- **WHAT THE TASK REQUIRES**:
From the first line to the last, return the data exactly, with no pictures.
★ ★ ★ ★ ★ ★ ★
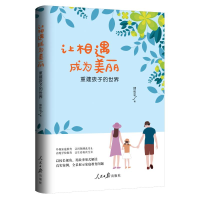 [M]让相遇成为美丽:重建孩子的世界-9787511558176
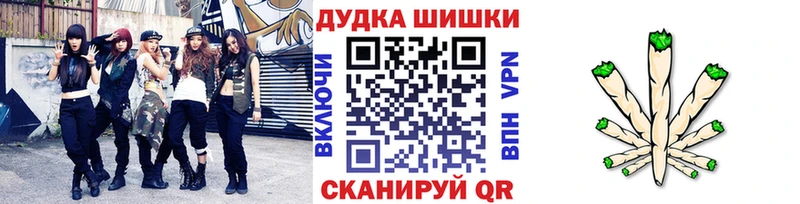 купить закладку  Собинка  mega ONION  Конопля тримм 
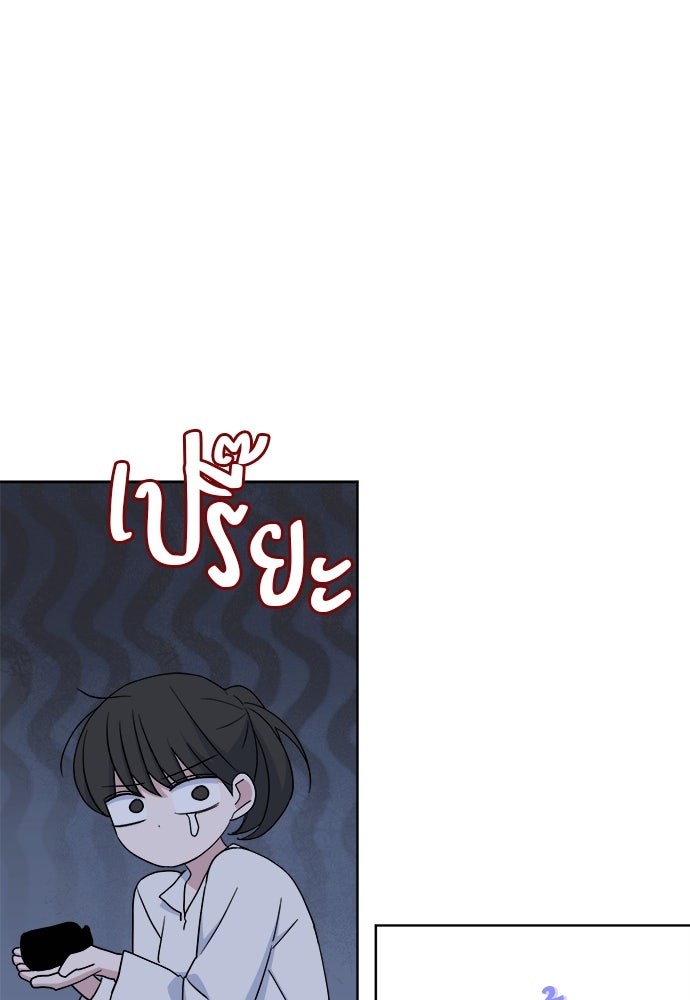 คนกันเอง - หน้า 11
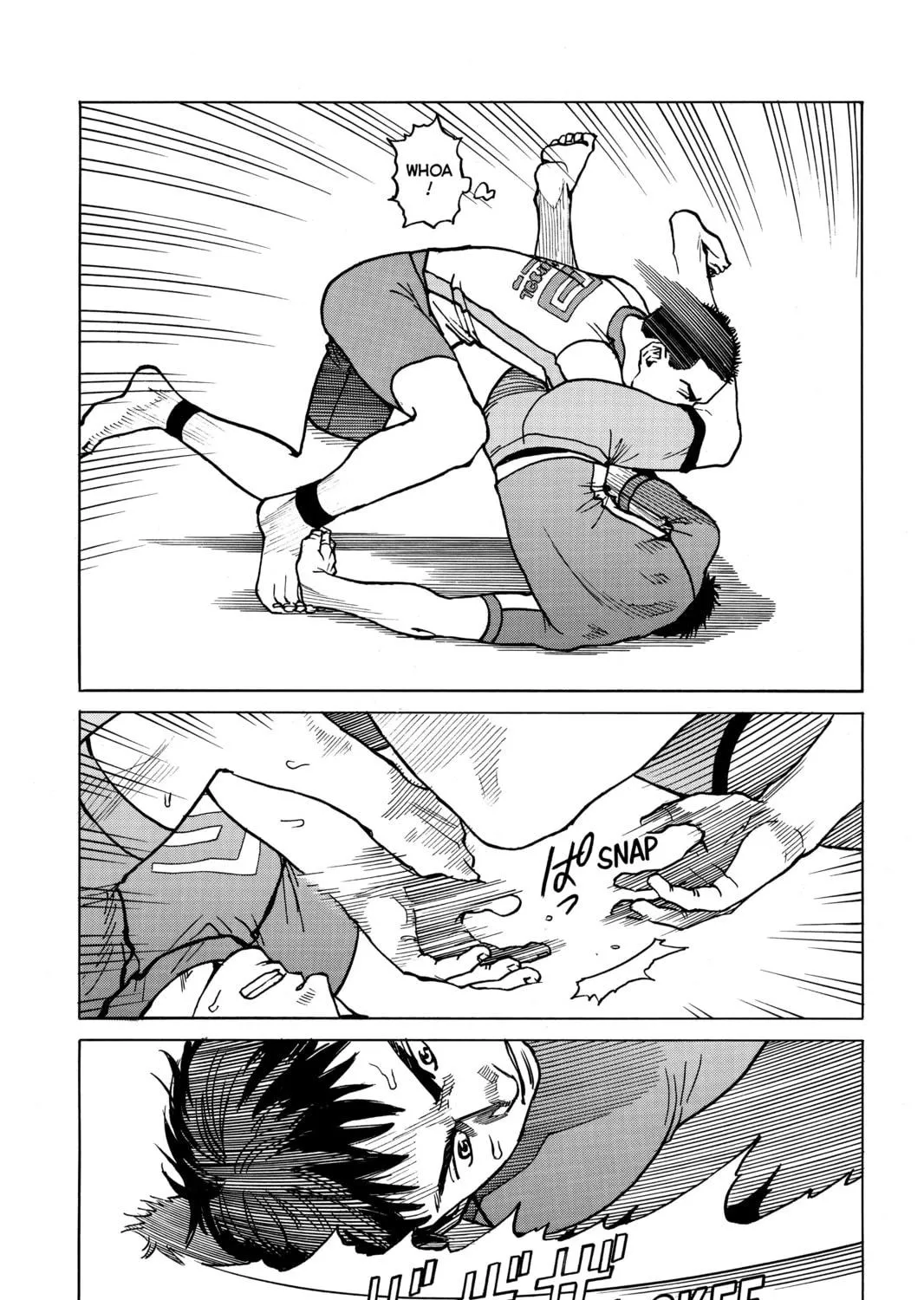 Read All-Rounder Meguru chapter 17 image 8 on Lezhin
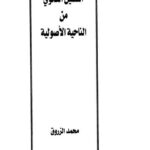تحميل كتاب التعليل النحوي من الناحية الاصولية PDF محمد الزروق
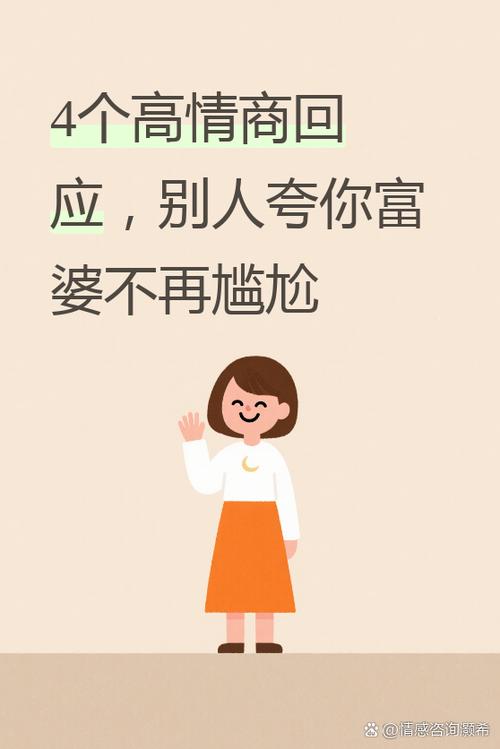 别人说你富婆该怎么幽默的回答游戏截图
★ ★ ★ ★ ★ ★ ★
- **EXPECTED ANSWER**:
 [M]让相遇成为美丽:重建孩子的世界-9787511558176
 купить закладку  Собинка  mega ONION  Конопля тримм 
 คนกันเอง - หน้า 11
 Read All-Rounder Meguru chapter 17 image 8 on Lezhin
تحميل كتاب التعليل النحوي من الناحية الاصولية PDF محمد الزروق
 别人说你富婆该怎么幽默的回答游戏截图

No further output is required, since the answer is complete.